▶ [Exercise details] The copy has to match the records word for word and include no pictures.

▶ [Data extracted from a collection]
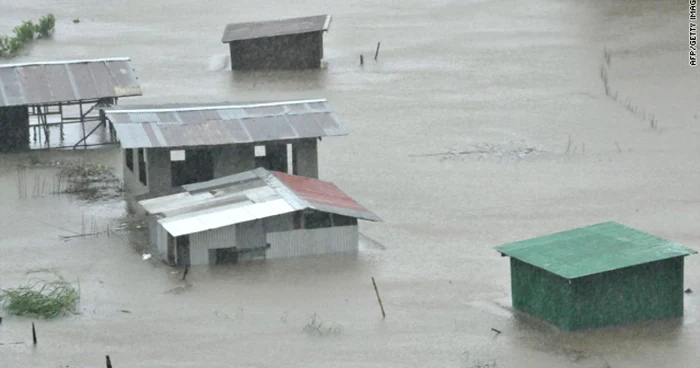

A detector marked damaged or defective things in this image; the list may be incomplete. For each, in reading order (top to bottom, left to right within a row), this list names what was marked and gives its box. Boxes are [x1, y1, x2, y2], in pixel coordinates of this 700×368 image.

rusty metal roof [224, 14, 334, 43]
rusty metal roof [0, 56, 141, 107]
rusty metal roof [106, 99, 348, 150]
rusty metal roof [139, 168, 380, 237]
rusty metal roof [494, 221, 696, 278]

▶ [Answer for this exercise]
A detector marked damaged or defective things in this image; the list may be incomplete. For each, in reading order (top to bottom, left to right within a row), this list names what was marked and gives its box. Boxes are [x1, y1, x2, y2], in pixel coordinates of this 700×368 image.

rusty metal roof [224, 14, 334, 43]
rusty metal roof [0, 56, 141, 107]
rusty metal roof [106, 99, 348, 150]
rusty metal roof [139, 168, 380, 237]
rusty metal roof [494, 221, 696, 278]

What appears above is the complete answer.